Director of Liability

If you sit on a Board of Directors of a corporation, then exposure to liability exists under various statutes. For example, unpaid wages and vacation pay, workplace liabilities, liabilities under corporate statutes, as well as environmental liabilities are a major concern of the corporate director.

 

Amounts owing to the Crown with respect to taxes are the most common of the liability claims. Unremitted source deductions, which consist of income taxes, employment insurance, and Canada Pension Plan premiums from employee wages, are the liabilities that the Crown has been very aggressive in collecting in recent years.
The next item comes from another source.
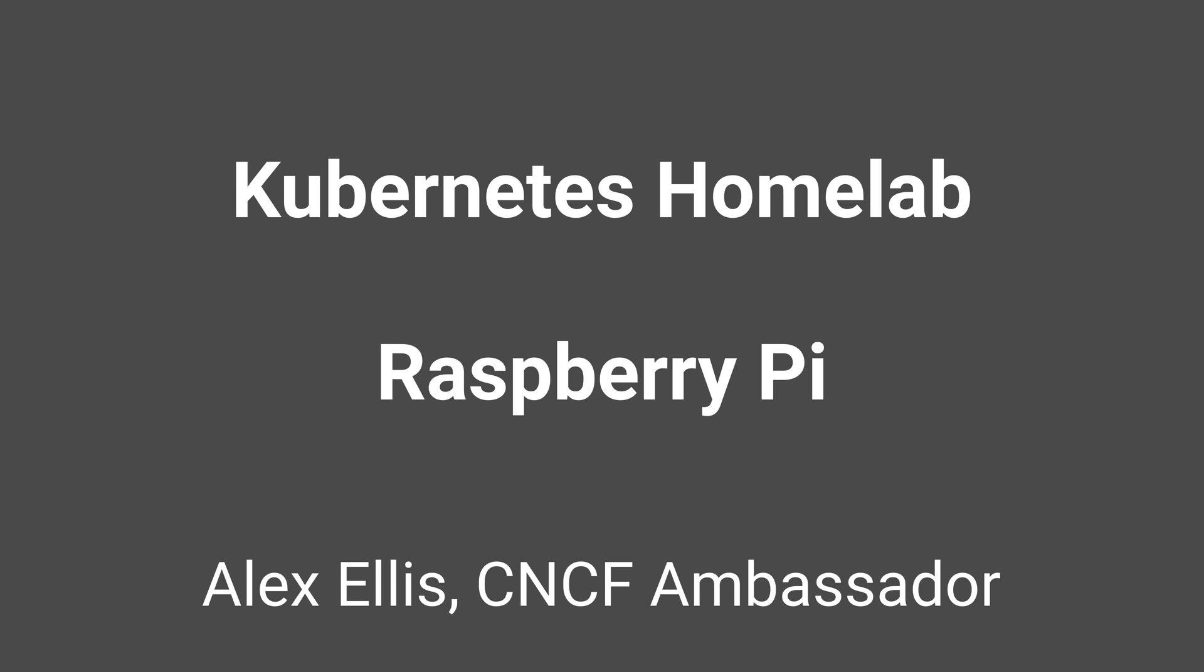In this hands-on video I'm going to show you how to build a Kubernetes home lab with a Raspberry Pi and we're going to do some really cool stuff with it too.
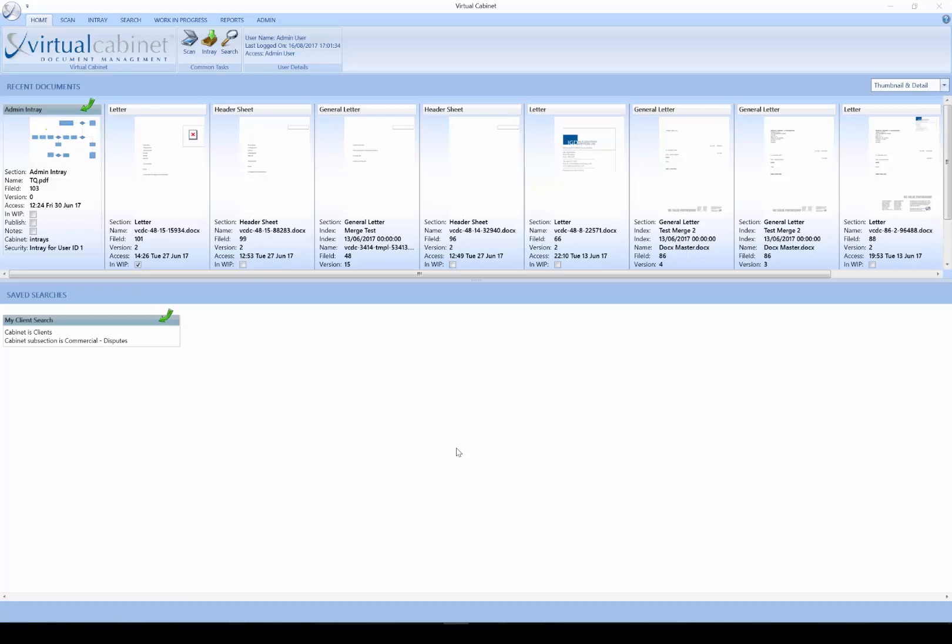Hello and welcome to this Virtual Cabinet training video. Today we're going to take a look at how we navigate the system. By the end of this video we will understand what the different tabs are, how we find our way around, and what we can do in different areas of the system.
The Crown is also being more aggressive in the collection of other taxes, such as unpaid sale taxes and the ever-controversial Goods and Service Tax (GST).

 

A common scenario in creating director’s liability is when a business which is struggling financially uses unremitted source deductions as capital so as to stay in business rather than close the doors. However, when the corporation realizes that the unremitted source deductions is not enough capital to keep the operations going, the company goes out of business. The Canada Revenue Agency (CRA) has a statutory right to go after the directors for unremitted source deductions, plus interest and penalties.

 

For the CRA to successfully make a claim against a director it must meet certain requirements under the Income Tax Act. The CRA must file a certificate in respect of the corporation’s tax liability, attempt to have execution against the corporation, and the execution must be returned unsatisfied. In the case of a liquidation in bankruptcy, the CRA must prove its claim within 6 months of the date of bankruptcy. If these actions have not been met by CRA, then the director has no liability.

 

The CRA also has only 2 years to attempt to collect the liability from the director. If the 2-year period passes then the director escapes any liability for the unremitted deductions. In order to attempt to collect from the director, it must be established that the funds could not be collected from the corporation, or from the Receiver or licensed insolvency trustee.

 

The CRA has first priority on all assets of a bankrupt company. If a company files a bankruptcy CRA has priority over all other secured creditors, even those who had security on the assets of a company prior to the CRA having a debt owed, such as a General Security Agreement by a banking institution. This priority is given to the CRA through the Income Tax Act. If the company continues to go forward in a receivership the CRA must be paid for any arrears in crown taxes.

 

There are only a few defenses available to a director in order to avoid payment of the liability. In order to be liable you must be a ‘director in law’ at the time the source deductions were not remitted. For example, the individual may not have been properly appointed as a director, or may have resigned prior to the failure to remit.

 

If the above exemptions do not apply then the only defense is the ‘due diligence’ defense as set out in the Income Tax Act. This defense provides that the director is not liable for the corporation’s failure to remit source deductions where he/she exercises the degree of care, diligence, and skill to prevent the failure that a reasonably prudent person would exercise in a similar situation.

 

In determining if a director has acted with due diligence, the court will look at a variety of factors such as the capability of the person, their business knowledge, education, and the actions taken by the director to prevent the failures. The courts have stated that there is a positive duty to take action to prevent the failures.

 

To prevent failure the director should familiarize himself with the withholding and remittance requirements. Ensure that an appropriate system is in place to withhold and remit all taxes, and require on a timely basis written reports to ensure that the remitting procedures are being done correctly.

 

It is human nature, especially for most entrepreneurs, to do anything to find a way to keep the doors of their company open. This determination sometimes leads to the careless use of unremitted source deductions, and other government taxes, to fund the operations. The courts have said where a corporation reaches the point where it cannot issue a remittance cheque for fear that it won’t be honoured, it is time to close down the business. Thus, the mere decision, or will of the entrepreneur, to keep the doors open may result in the director reducing his/her ability to rely on the due diligence defense.